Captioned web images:

%%

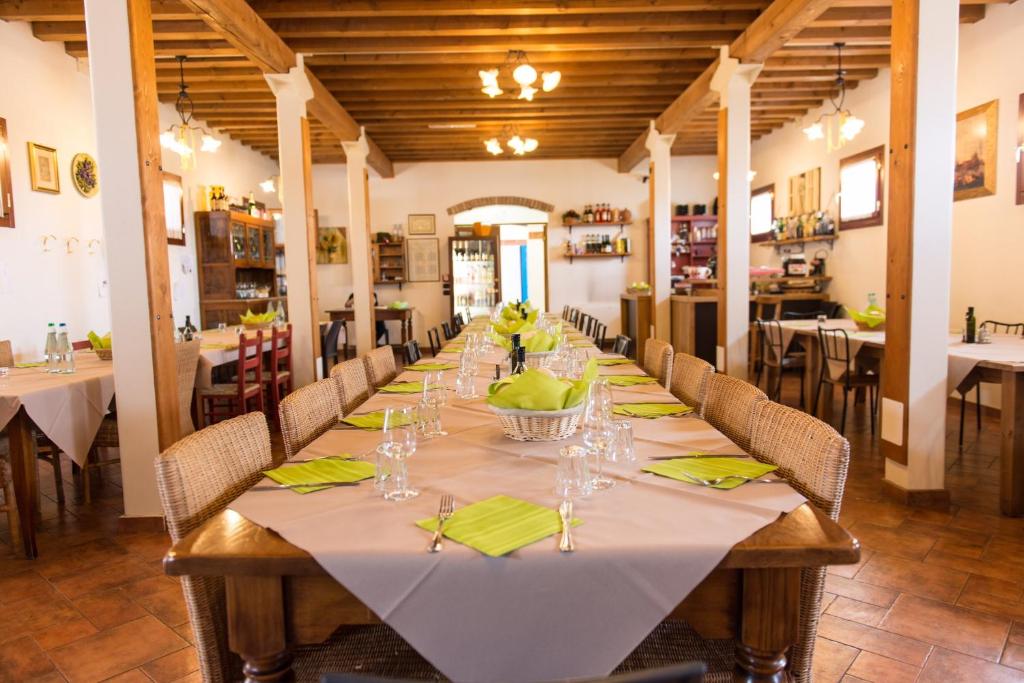 Restaurace v ubytování Agriturismo Corte Del Brenta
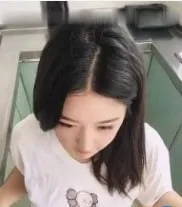 可爱女友爱吃鸡在厨房做饭做一半就来吃男友的棒棒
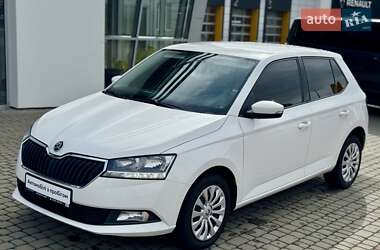 Хэтчбек Skoda Fabia 2019 в 
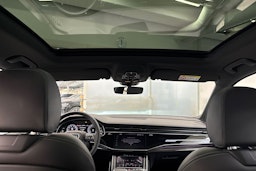 sakhir kulta Audi Q7 2025 kuva 11.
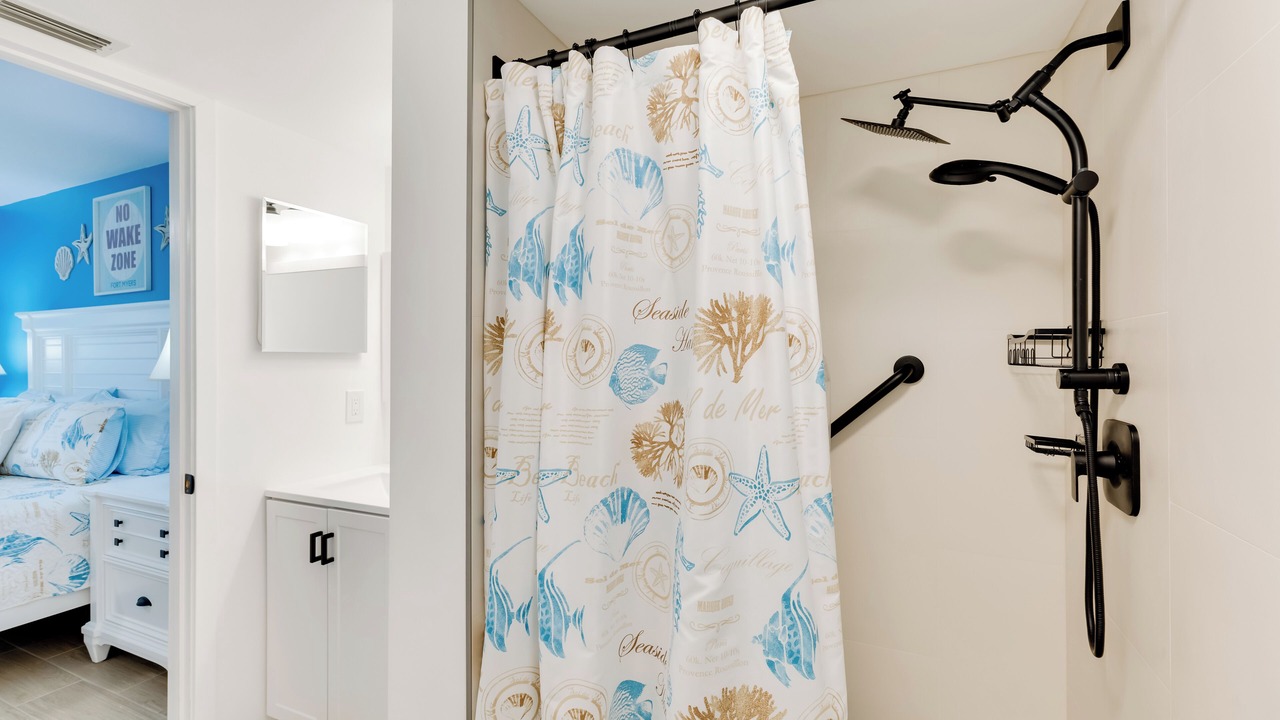 Photo of Bathroom in Majestic Palms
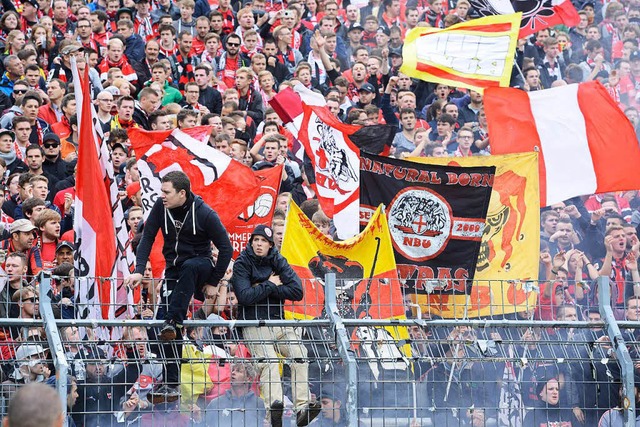 Fast drei Viertel der SC-Fans haben einen Hochschulabschluss.  | Foto: Achim Keller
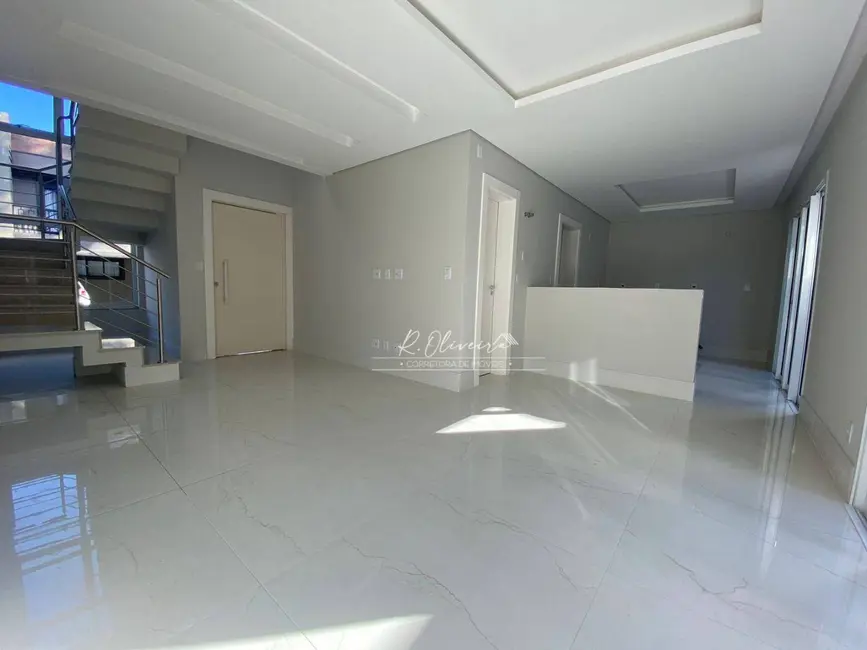 Foto 3 de Sobrado com 3 quartos à venda, 125m2 em Uberaba, Curitiba - PR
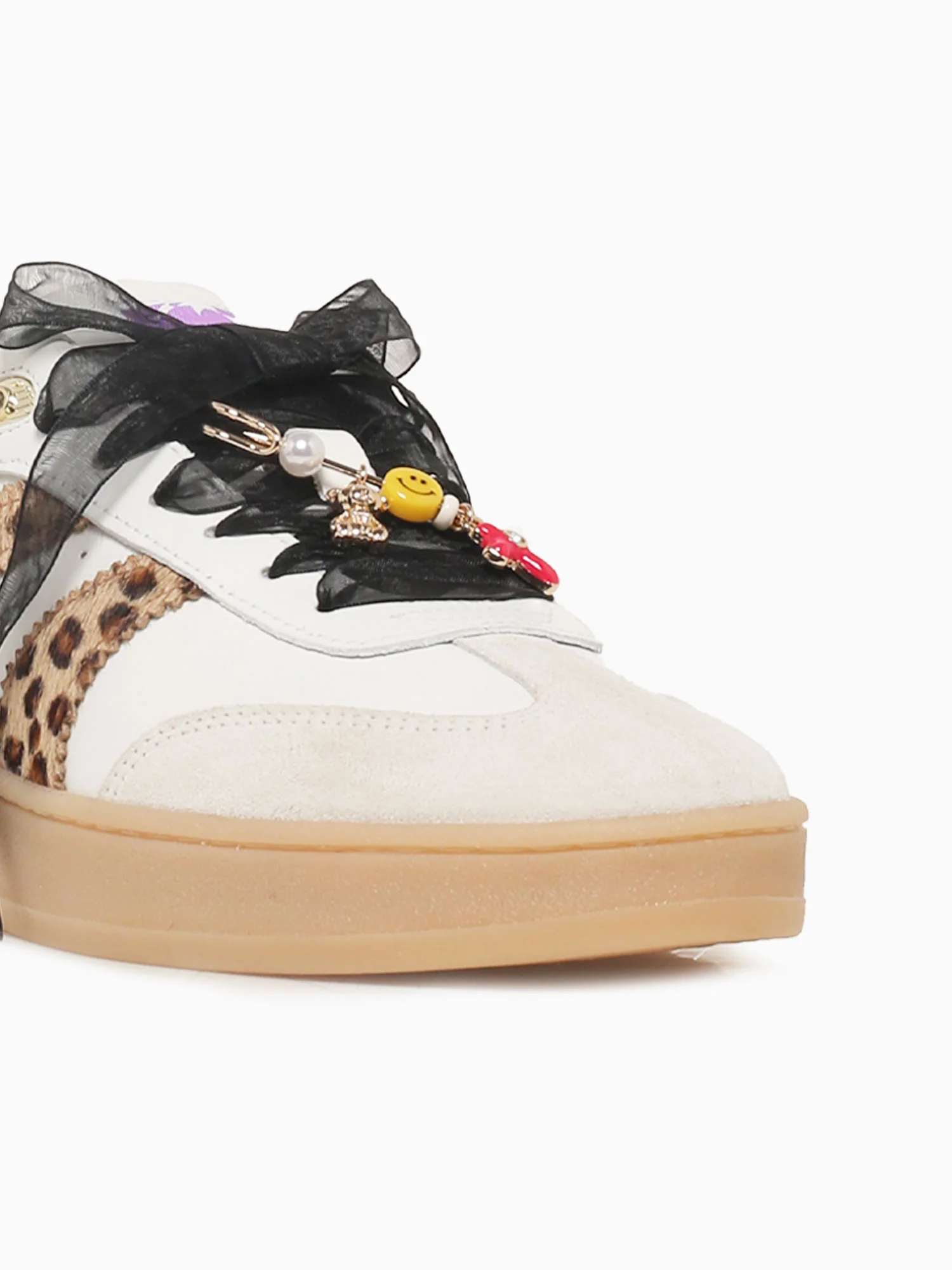 Wembley White Leopard leather - Image 8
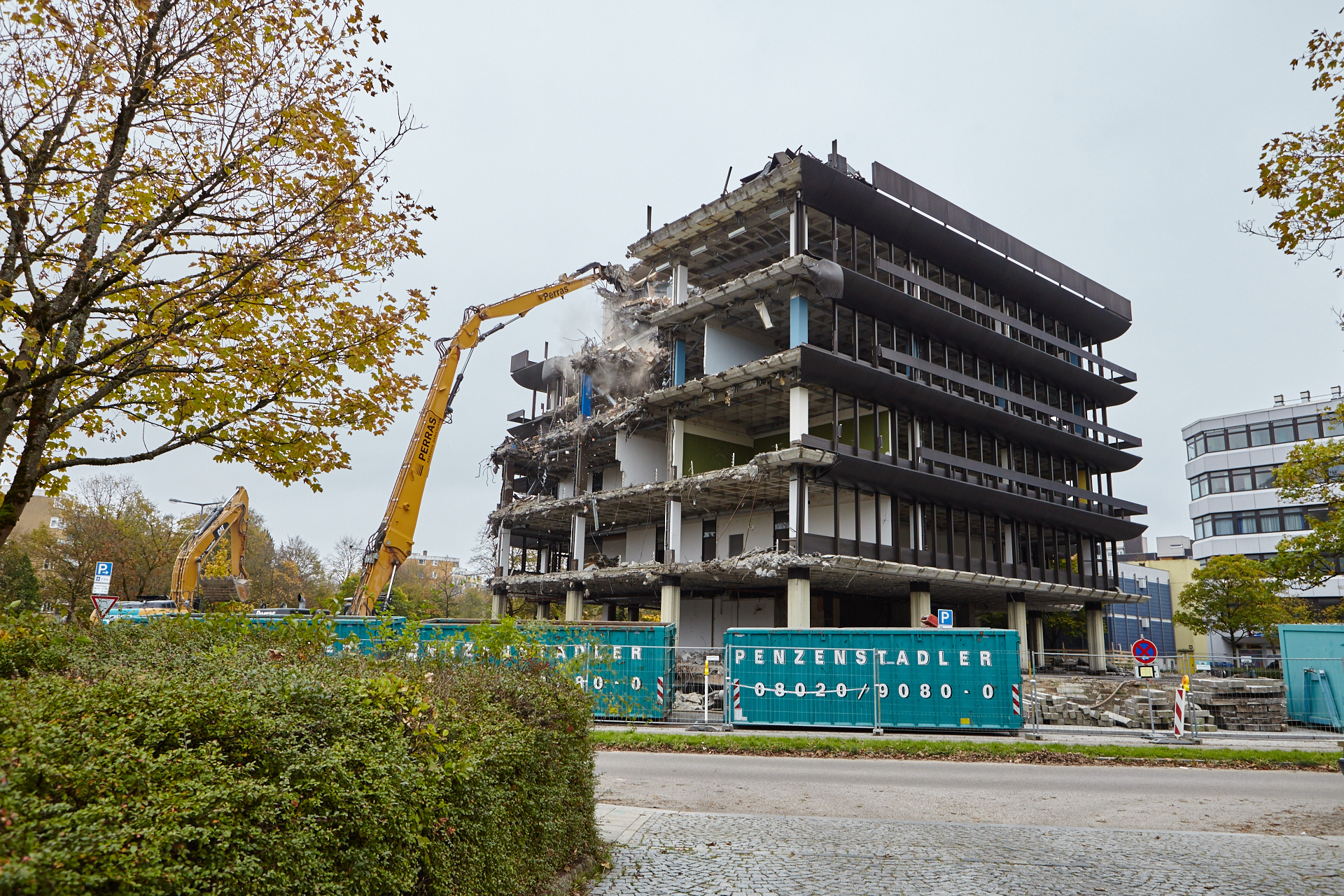Neuperlacher Studentenwohnheim am Peschelanger und Karl-Marx-Ring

%%

What you should do:
Your answer must be the lines from the one holding "sakhir kulta Audi Q7 2025 kuva 11." through the final line of the records above, exactly as written and without any pictures.

Written answer:
 sakhir kulta Audi Q7 2025 kuva 11.
 Photo of Bathroom in Majestic Palms
 Fast drei Viertel der SC-Fans haben einen Hochschulabschluss.  | Foto: Achim Keller
 Foto 3 de Sobrado com 3 quartos à venda, 125m2 em Uberaba, Curitiba - PR
 Wembley White Leopard leather - Image 8
Neuperlacher Studentenwohnheim am Peschelanger und Karl-Marx-Ring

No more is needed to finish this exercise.